Aujourd’hui, encore plus qu’hier, elle met tout en œuvre pour lutter contre toutes les formes de discrimination. Samia vient de sortir un très beau livre intitulé « Graines d’Ariane », édité par les Éditions L’Harmattan. L’ouvrage est préfacé par Tassadit Yacine et Christine Delory-Momberger. Samia est Maire adjointe de Saint-Denis, la ville des milles cultures, des milles langues. Samia est une passionnée qui milite, là où les nobles causes lui tendent les mains. Elle a organisé des événements mémorables comme la fête berbère, bretonne à Saint-Denis, montrant son dévouement pour réunir différentes communautés, construire des ponts entre les cultures et préserver notre précieux héritage berbère.
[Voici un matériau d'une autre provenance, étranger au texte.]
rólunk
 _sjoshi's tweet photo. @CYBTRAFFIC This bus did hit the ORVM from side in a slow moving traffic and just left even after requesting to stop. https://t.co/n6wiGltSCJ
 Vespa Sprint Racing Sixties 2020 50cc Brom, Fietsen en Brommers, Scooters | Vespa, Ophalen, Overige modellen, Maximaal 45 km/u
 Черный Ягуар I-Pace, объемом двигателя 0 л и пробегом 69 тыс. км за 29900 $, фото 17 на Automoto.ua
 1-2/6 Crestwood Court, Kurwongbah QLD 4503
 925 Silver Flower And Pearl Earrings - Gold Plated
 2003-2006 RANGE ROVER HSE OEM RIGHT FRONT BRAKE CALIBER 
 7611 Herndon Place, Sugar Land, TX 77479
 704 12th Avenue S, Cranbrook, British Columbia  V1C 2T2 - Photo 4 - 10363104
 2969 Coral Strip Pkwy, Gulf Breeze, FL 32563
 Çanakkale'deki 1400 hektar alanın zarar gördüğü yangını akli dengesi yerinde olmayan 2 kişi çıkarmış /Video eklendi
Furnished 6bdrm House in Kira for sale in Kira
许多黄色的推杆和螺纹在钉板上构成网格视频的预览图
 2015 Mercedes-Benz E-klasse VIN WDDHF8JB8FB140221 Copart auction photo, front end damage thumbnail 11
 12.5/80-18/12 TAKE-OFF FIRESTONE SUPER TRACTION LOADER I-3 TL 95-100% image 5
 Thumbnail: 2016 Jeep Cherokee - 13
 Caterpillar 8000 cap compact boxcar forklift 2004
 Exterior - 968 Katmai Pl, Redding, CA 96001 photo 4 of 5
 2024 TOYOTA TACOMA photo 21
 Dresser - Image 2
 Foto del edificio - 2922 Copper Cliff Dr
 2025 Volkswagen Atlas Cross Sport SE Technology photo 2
Donner une voix aux oubliés ! C’est peut-être, ces trois mots qui peuvent résumer le dernier livre de Samia Bensalem Ould Amara. Un récit autobiographique, publié en avril dernier chez L’Harmattan. Samia a d’abord voulu raconter son enfance et son adolescence dans une Kabylie post indépendance, marquée par les contradictions entre tradition et modernité. En écrivant ce livre, elle veut surtout laisser une trace de ce vécu, transmettre ce qu’était la vie d’une jeune fille kabyle prise entre les aspirations à l’émancipation et les pressions sociales ou familiales.